DeHaan felt some kinship with Dean, whom he describes as "a really bull-headed, uncompromising artist, pretty mistrusting of the world around him."
From the start, as Corbijn shows, Dean was at loggerheads with the studio heads; Ben Kingsley does a spectacular turn as studio mogul Jack Warner, telling Dean exactly how much of a rebel he wants him to be.
"I know what that's like, although I have a different take on it," DeHaan says. "I don't let it get to me as much as he does. When I made this film, it was right before the press tour for Spider-Man. There was this looming sense of what was going to happen, in the same way as before East of Eden came out."
Stock was a slick but snitchy character who, having walked out on his wife and a son in whom he felt no interest, was desperate for validation as a photographic artist.

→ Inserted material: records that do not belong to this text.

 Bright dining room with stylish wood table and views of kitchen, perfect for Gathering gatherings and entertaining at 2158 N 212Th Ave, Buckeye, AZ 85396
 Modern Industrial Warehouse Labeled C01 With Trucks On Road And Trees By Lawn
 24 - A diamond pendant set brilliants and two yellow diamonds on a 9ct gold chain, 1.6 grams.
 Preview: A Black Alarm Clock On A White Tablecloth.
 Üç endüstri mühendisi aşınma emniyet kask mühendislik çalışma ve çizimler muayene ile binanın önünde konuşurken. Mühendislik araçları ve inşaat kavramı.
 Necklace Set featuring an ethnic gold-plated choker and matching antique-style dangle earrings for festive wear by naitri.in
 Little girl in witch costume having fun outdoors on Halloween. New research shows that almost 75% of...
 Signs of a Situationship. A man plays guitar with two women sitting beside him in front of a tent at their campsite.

Robert Pattinson, the former Twilight heart-throb who plays Stock, watched taped of interviews of Stock that were recorded when he was in his late 70s.
"He had all these resentments still, all these things he envies James Dean about, all these chips on his shoulder all still very evident," Pattinson says. "In his eyes, someone like James Dean is just living freely and doing whatever he wants, he's the artist he wants to be. It's crazy, but I related to it. He's a kind of tragic figure."

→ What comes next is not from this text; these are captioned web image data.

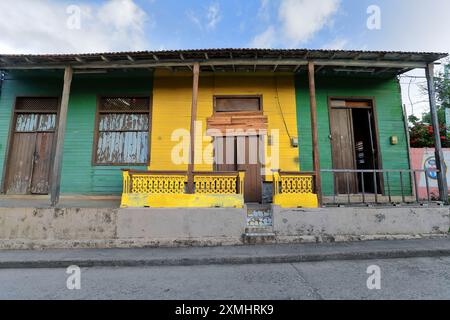 557 Grüne und gelbe Holzfassade, einstöckiges altes Kolonialhaus mit Eingangsveranda auf Holzsäulen, 33-35 Calle Maceo Street. Baracoa-Kuba. Stockfoto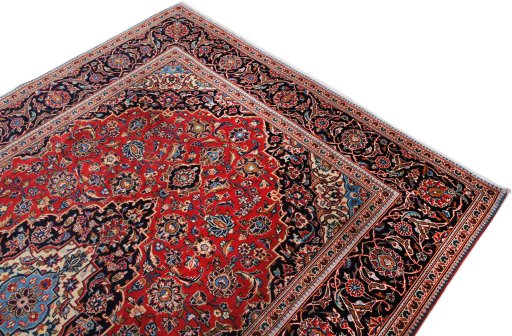 Surface texture of 2000s Kashan rug with natural Wool and intricate pattern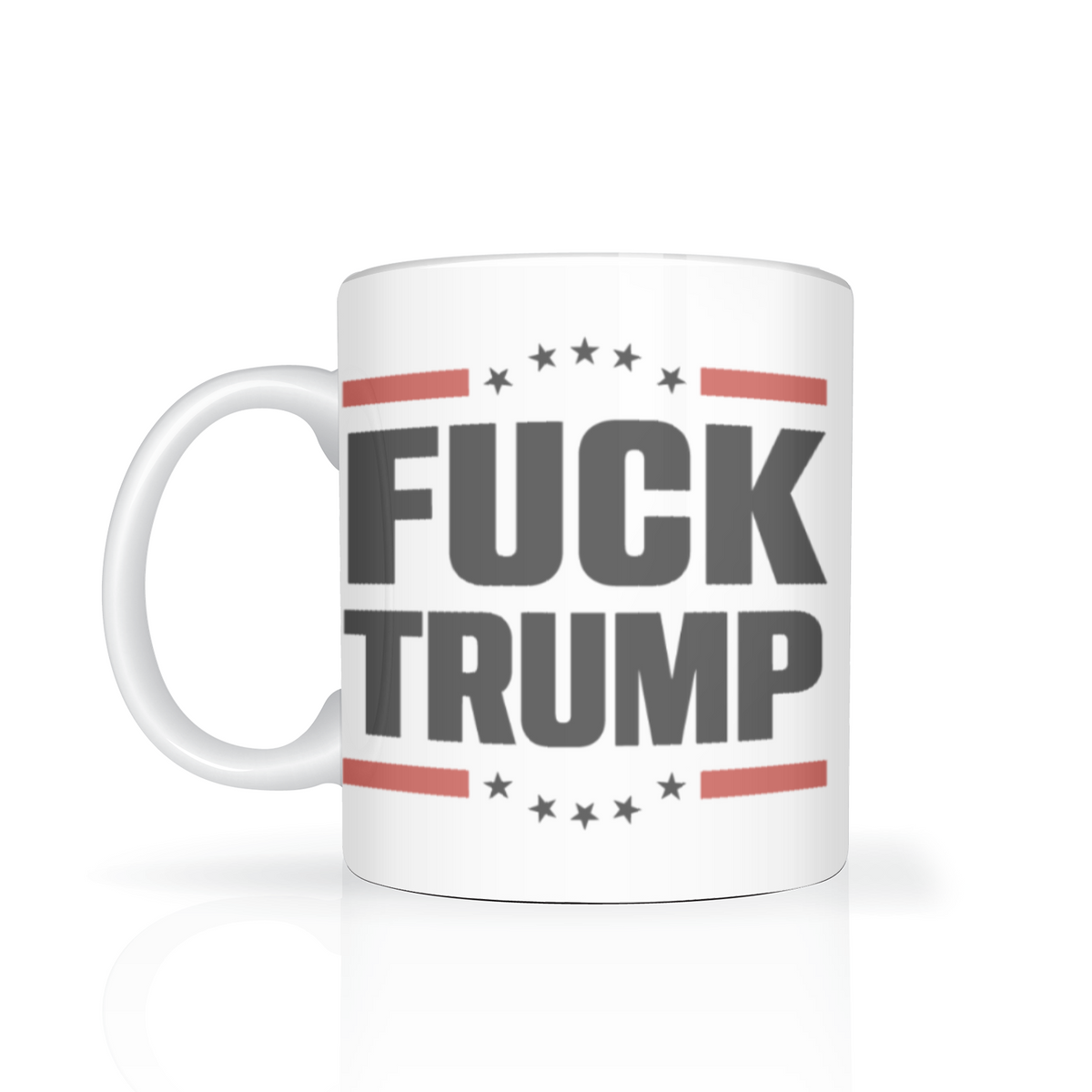 A white ceramic mug on a bright background reads “FUCK TRUMP” in bold gray lettering, framed by red stripes and black stars; its tone is defiant and political.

You might think that if Pattinson related to anyone it would be the heart-throb star, who is portrayed in Australian Luke Davies' script as being only too well aware that his image is being manipulated.
Not at all, Pattinson says: playing Dean didn't interest him. "I don't know if I've had like a James Dean thing. For one thing people were really looking at James Dean like a leader. Young people, both girls and guys, saying, 'Tell us how to live. It looks like you know the secrets!' Well, I don't think anyone has ever looked at me like that."
And, for another thing, Dean had a vision of his future that he knew was being deliberately thwarted.
"In this movie, he is already disillusioned and disappointed," Pattinson says. "Whereas when all that stuff was happening to me, it was kind of exciting and fun because I had no idea what was going on … I felt like there was a door in front of me left open and you could just keep pushing the door with no idea of what was on the other side. I was just curious. I didn't realise until years later that you can't turn any of it off: the door has slammed behind you."
Corbijn is now 60, as old as the Stock pictures; his life overlapped with Dean's by just five months
He was (and is) a hugely influential still photographer of rock musicians before he broke into the film world with his striking biopic of Joy Division's Ian Curtis, Control, in 2007.
For him, he says, the Times Square picture of Jimmy Dean is "like jazz". "It is a symbol of the change in society, the emergence of rock'n'roll and a generation who wanted to own their own time, who wanted a life that was not their parents' lives." It was always, he says, about "more than just James Dean".